• [What you will do] A stretch of the entries below is to be set down exactly, running from the line with "Maida Gorčević, Makovec" through the line with "appartamento in affitto a Donato", both included, and no other line.

• [Source information]
┌────────

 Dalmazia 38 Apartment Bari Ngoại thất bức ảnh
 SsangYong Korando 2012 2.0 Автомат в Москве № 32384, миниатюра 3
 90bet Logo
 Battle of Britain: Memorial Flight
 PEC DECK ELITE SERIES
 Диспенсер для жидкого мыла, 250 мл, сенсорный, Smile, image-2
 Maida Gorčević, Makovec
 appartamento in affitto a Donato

└────────
┌────────

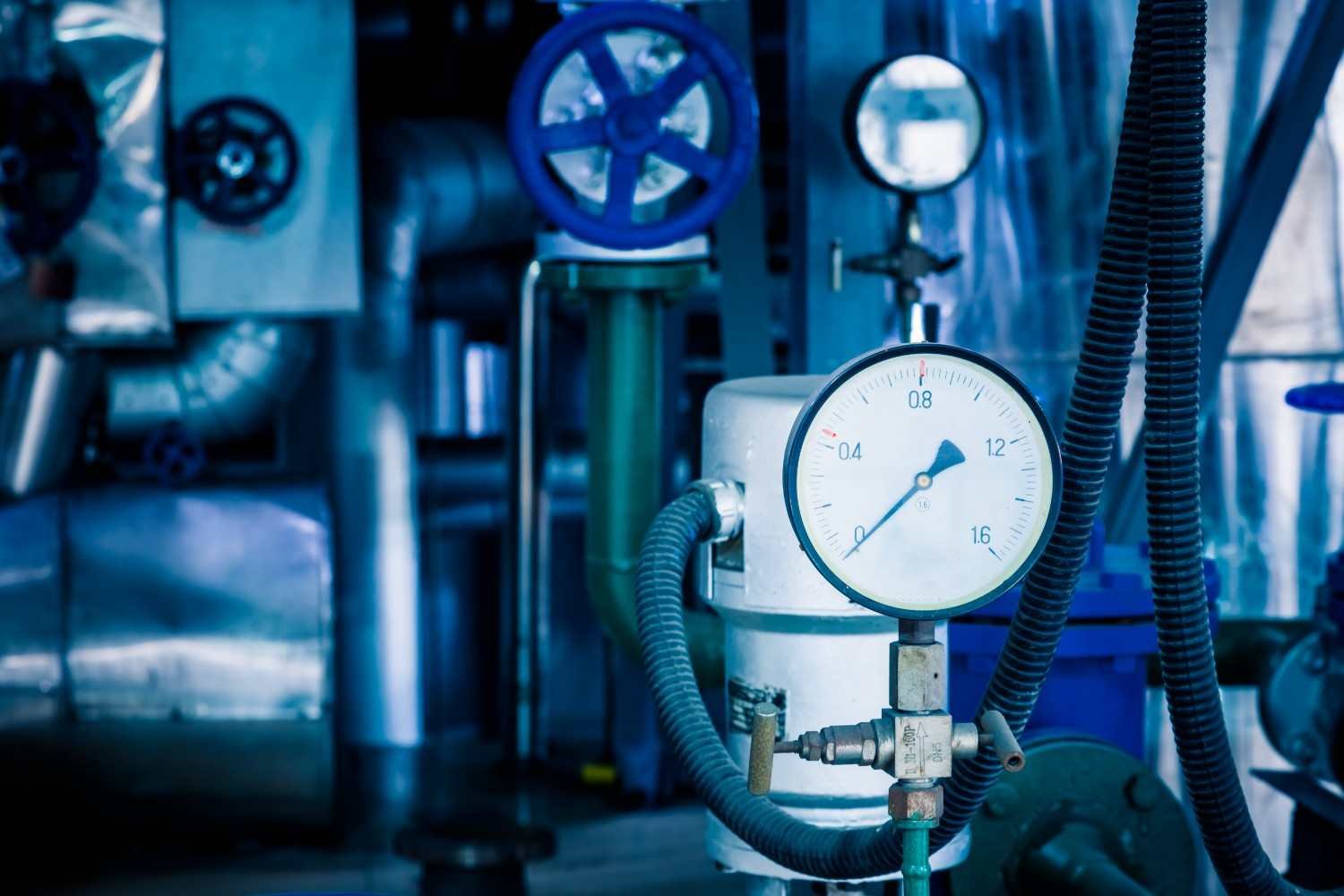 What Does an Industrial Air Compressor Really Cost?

└────────
┌────────

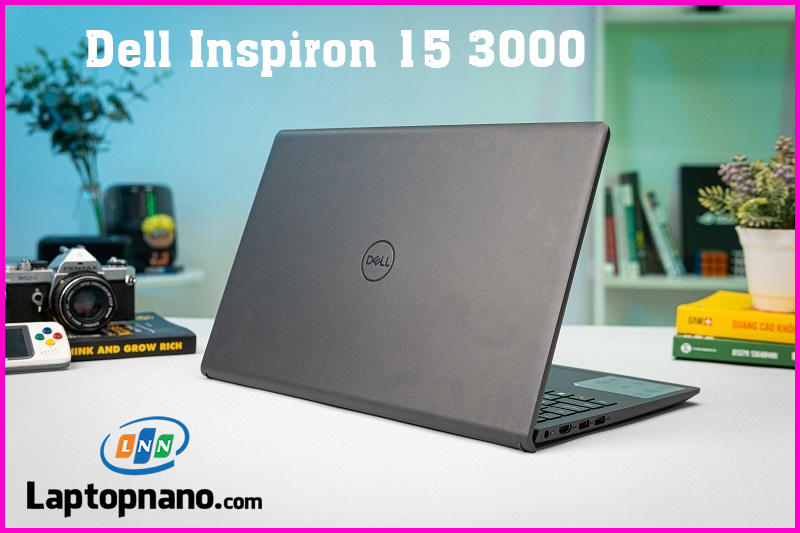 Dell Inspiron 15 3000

└────────

• [Completed exercise]
 Maida Gorčević, Makovec
 appartamento in affitto a Donato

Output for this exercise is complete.